What needs to be done:
The material below contains a line with "Glart Paño de" and a line with "Hund Grooming Groomer". Copy exactly those two lines and all lines between them.

++++ Input records

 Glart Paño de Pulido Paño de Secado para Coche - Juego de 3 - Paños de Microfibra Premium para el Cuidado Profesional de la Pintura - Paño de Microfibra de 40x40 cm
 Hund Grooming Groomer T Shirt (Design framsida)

++++++++
++++ Input records

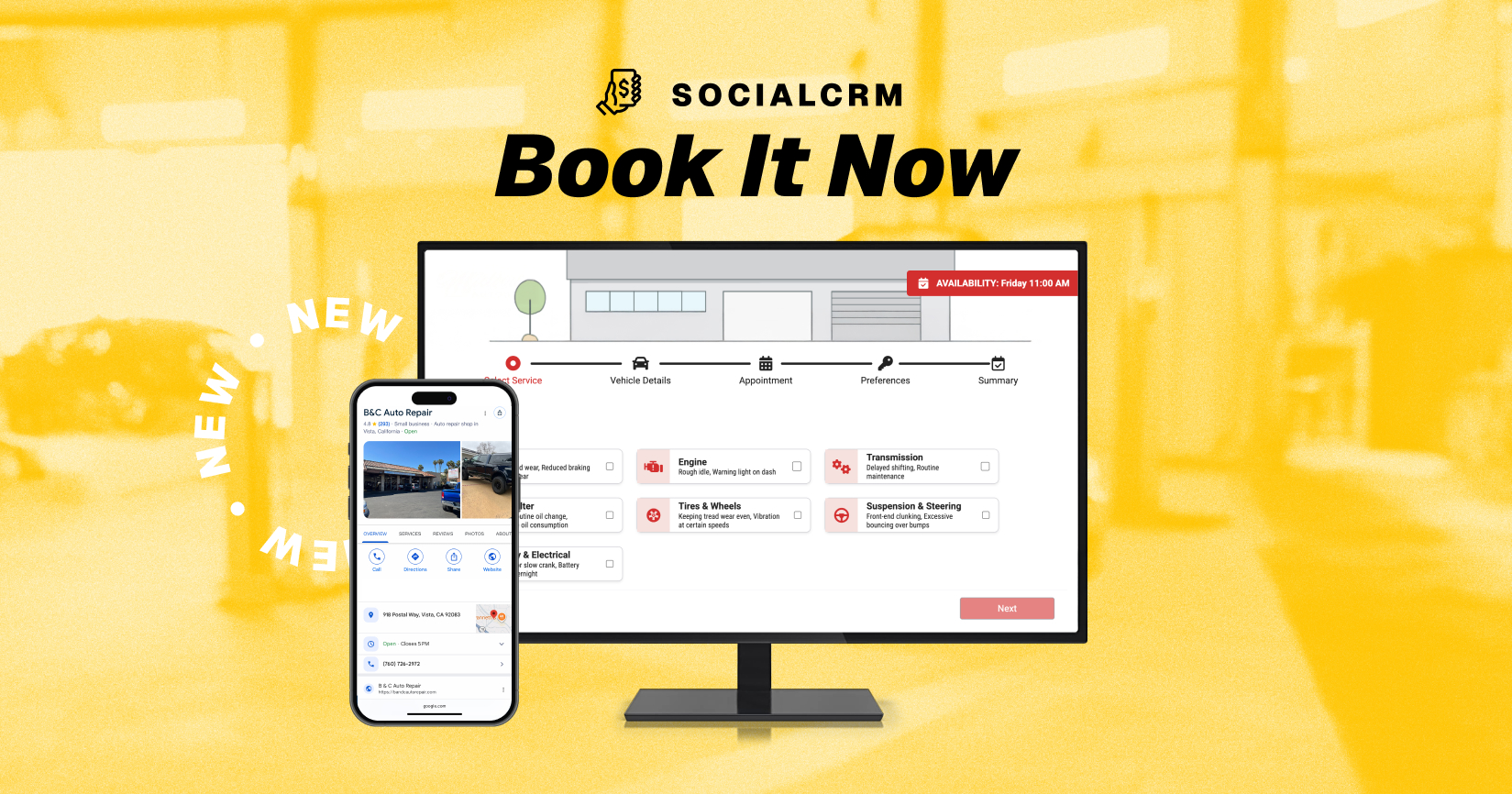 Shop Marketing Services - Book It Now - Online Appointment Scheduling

++++++++

Task response:
 Glart Paño de Pulido Paño de Secado para Coche - Juego de 3 - Paños de Microfibra Premium para el Cuidado Profesional de la Pintura - Paño de Microfibra de 40x40 cm
 Hund Grooming Groomer T Shirt (Design framsida)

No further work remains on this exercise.